### Dataset excerpts
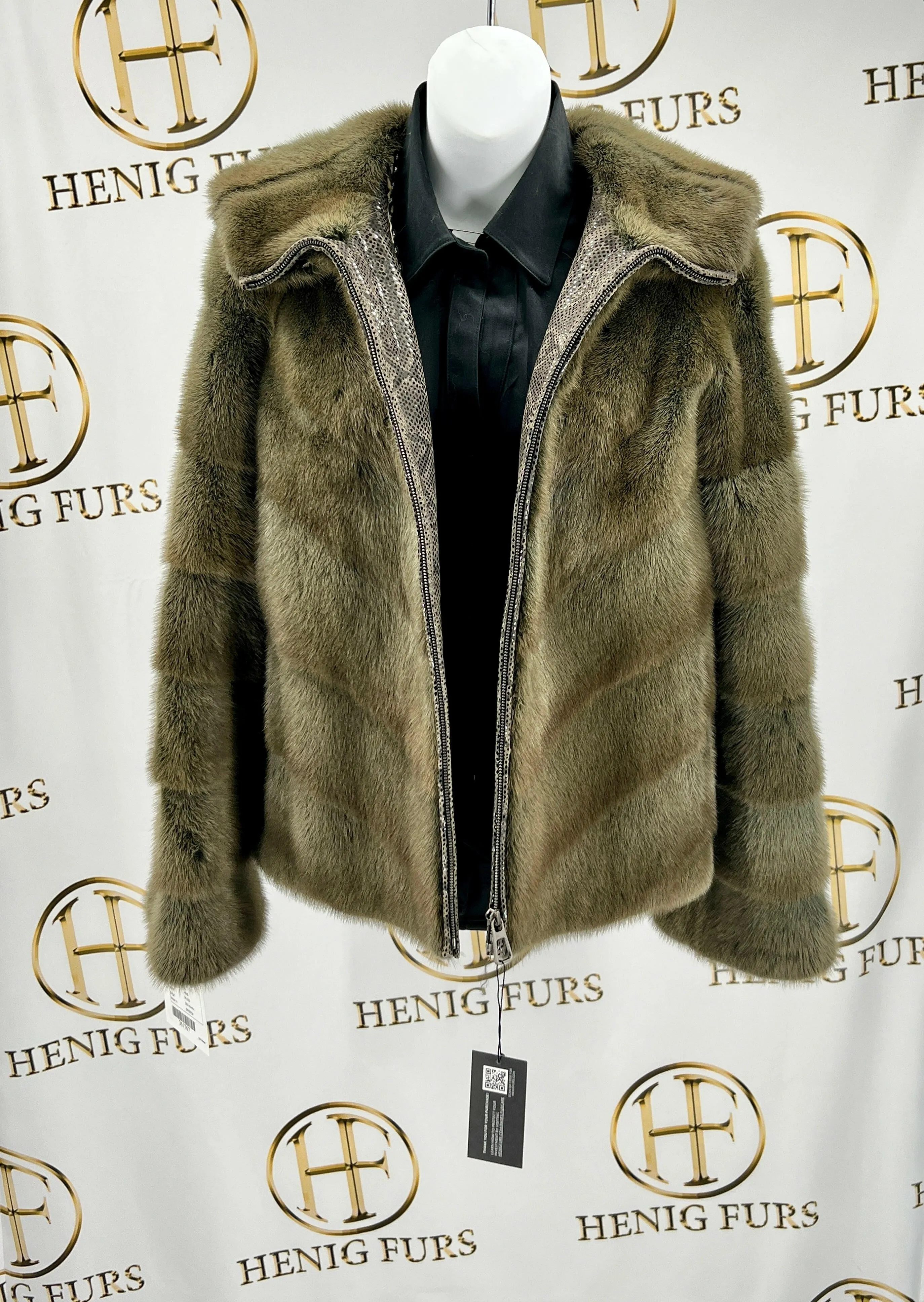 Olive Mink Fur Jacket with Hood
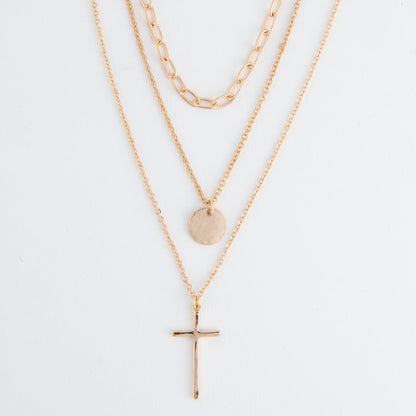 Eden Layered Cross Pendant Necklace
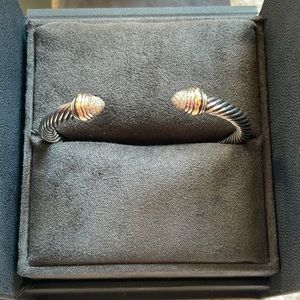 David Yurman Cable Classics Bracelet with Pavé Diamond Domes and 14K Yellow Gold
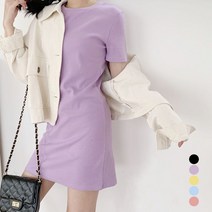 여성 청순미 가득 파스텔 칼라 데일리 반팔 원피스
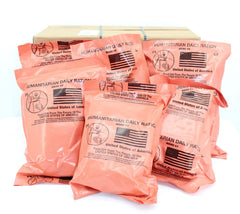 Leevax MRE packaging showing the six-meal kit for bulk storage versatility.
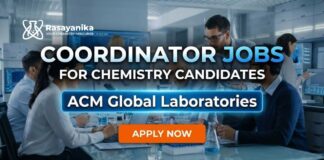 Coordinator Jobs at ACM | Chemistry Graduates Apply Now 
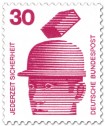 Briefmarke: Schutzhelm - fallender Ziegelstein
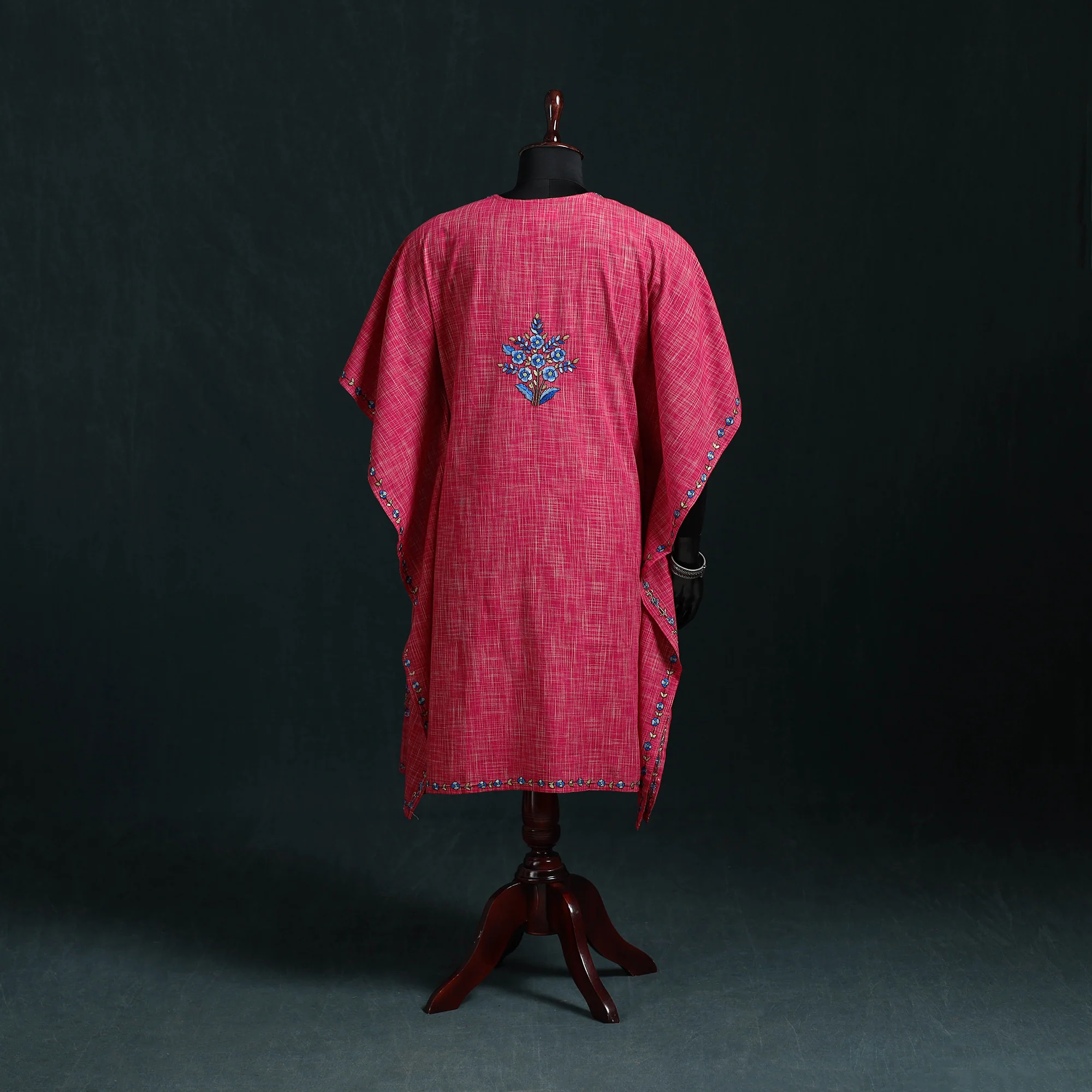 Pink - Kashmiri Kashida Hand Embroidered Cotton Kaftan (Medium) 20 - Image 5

### Exercise
From the line containing "Eden Layered Cross Pendant Necklace" down to the final line of the material, restate every line word for word, and only those; drop the pictures.

### Response for this exercise
 Eden Layered Cross Pendant Necklace
 David Yurman Cable Classics Bracelet with Pavé Diamond Domes and 14K Yellow Gold
 여성 청순미 가득 파스텔 칼라 데일리 반팔 원피스
 Leevax MRE packaging showing the six-meal kit for bulk storage versatility.
 Coordinator Jobs at ACM | Chemistry Graduates Apply Now 
 Briefmarke: Schutzhelm - fallender Ziegelstein
 Pink - Kashmiri Kashida Hand Embroidered Cotton Kaftan (Medium) 20 - Image 5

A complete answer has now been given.